Nicolini U, Guarneri D, Gianotti G A, Campagnoli C, Crosignani P G, Gatti L
1st Department of Obstetrics and Gynecology, University of Milano, Italy.
Obstet Gynecol. 1994 Jan;83(1):65-9.
To study the platelet activation phase in normal pregnant women and their fetuses, both in vivo under basal conditions and in vitro after stimulation by adenosine diphosphate (ADP), a weak agonist, and U46619, a strong one.
Platelet function was investigated in 39 normal pregnant women and their fetuses undergoing fetal blood sampling at 18-37 weeks' gestation, using flow cytometry and the anti-GMP140 monoclonal antibody. This combined technique allows platelets to be investigated in small aliquots of whole blood, and it detects platelet secretion regardless of aggregation. In all cases, the percentage of activated platelets was determined under basal conditions and after addition of platelet agonists: ADP at concentrations of 10 and 50 mumol/L, and U46619, a stable analogue of thromboxane A2, at 1 mumol/L.
Compared to nonpregnant controls, pregnant women had a significantly lower percentage of activated platelets after addition of U46619 (P = .02). Compared to their mothers, fetuses had significantly inferior platelet activation after addition of both platelet-activating factors at all concentrations used (ADP 10 mumol/L, P < .0001 and ADP 50 mumol/L, P < .0001; U46619, P < .0001). Maternal and fetal platelet activation did not change with duration of gestation.
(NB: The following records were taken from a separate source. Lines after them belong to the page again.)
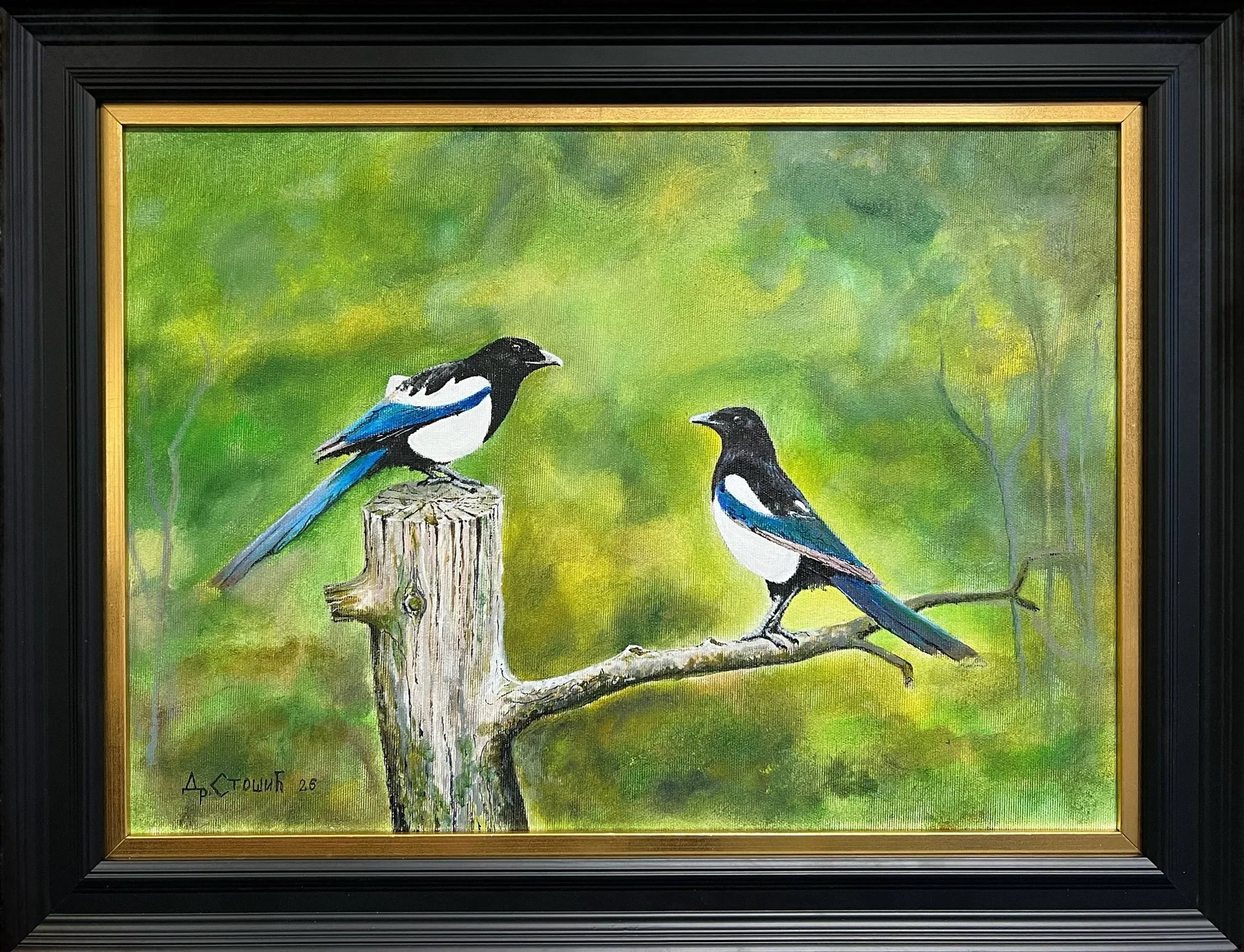 Свраке — оригинална слика, акрил на платну, 50 × 35 цм, Драган Стошић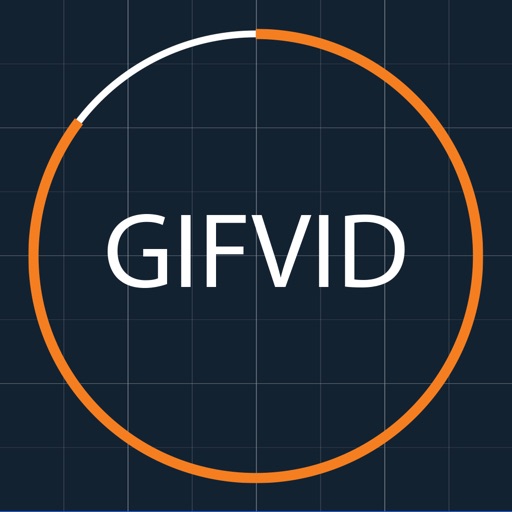 GifVid - GIF to Video Converter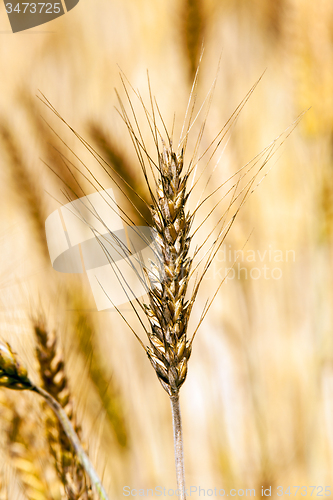 Image of rye ear  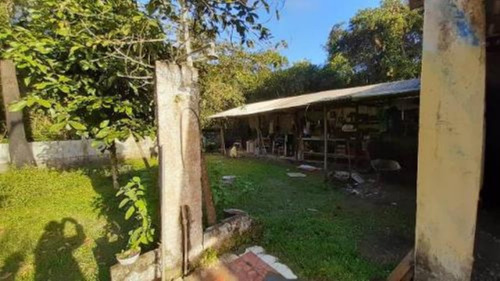 Imagem 11 de 14 de Chácara No São Fernando Com 4 Quartos E Lago Para Peixes.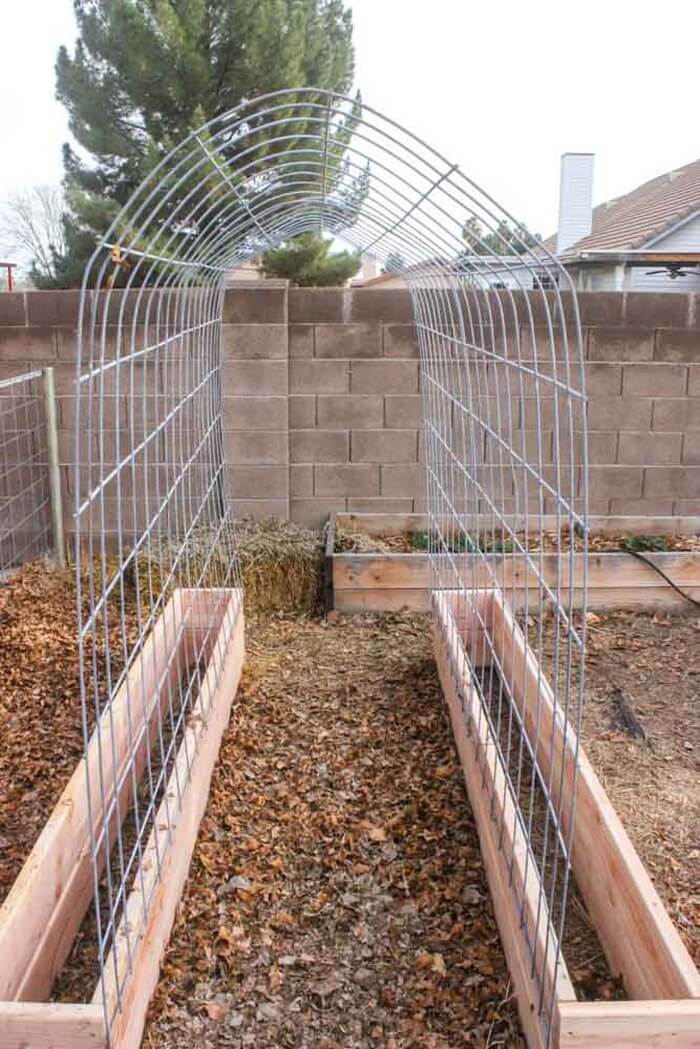 vegetable garden arch trellis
In the fetus, the percentage of activated platelets did not correlate with hematocrit, pH, or oxygen pressure, but it correlated significantly with platelet count after addition of U46619 (r = 0.45, P = .006).
Decreased platelet activation in both pregnant women and fetuses suggests the action of a plasma factor that selectively inhibits prostaglandin-dependent activation. Prostacyclin, which is known to decrease platelet aggregation and release reactions caused by agonists, might have a greater inhibitory effect in the fetus than in the mother, or be present in larger amounts in the fetus.
研究正常孕妇及其胎儿在基础状态下的体内血小板激活阶段,以及在体外经二磷酸腺苷(ADP,一种弱激动剂)和U46619(一种强激动剂)刺激后的血小板激活阶段。
采用流式细胞术和抗GMP140单克隆抗体,对39例妊娠18 - 37周接受胎儿采血的正常孕妇及其胎儿的血小板功能进行研究。这种联合技术可在小份全血中研究血小板,且能检测血小板分泌而不考虑聚集情况。在所有病例中,均测定基础状态下以及添加血小板激动剂后的活化血小板百分比:浓度为10和50 μmol/L的ADP,以及1 μmol/L的血栓素A2稳定类似物U46619。
与未孕对照组相比,孕妇添加U46619后活化血小板百分比显著降低(P = 0.02)。与母亲相比,胎儿在添加所有浓度的血小板激活因子后(ADP 10 μmol/L,P < 0.0001;ADP 50 μmol/L,P < 0.0001;U46619,P < <0.0001)血小板激活明显较差。母体和胎儿的血小板激活情况不随妊娠持续时间而变化。在胎儿中,活化血小板百分比与血细胞比容、pH值或氧分压无关,但在添加U46619后与血小板计数显著相关(r = 0.45,P = 0.006)。
孕妇和胎儿血小板激活降低提示存在一种血浆因子,其选择性抑制前列腺素依赖性激活。已知前列环素可减少激动剂引起的血小板聚集和释放反应,在胎儿中其抑制作用可能比母亲更强,或在胎儿中含量更高。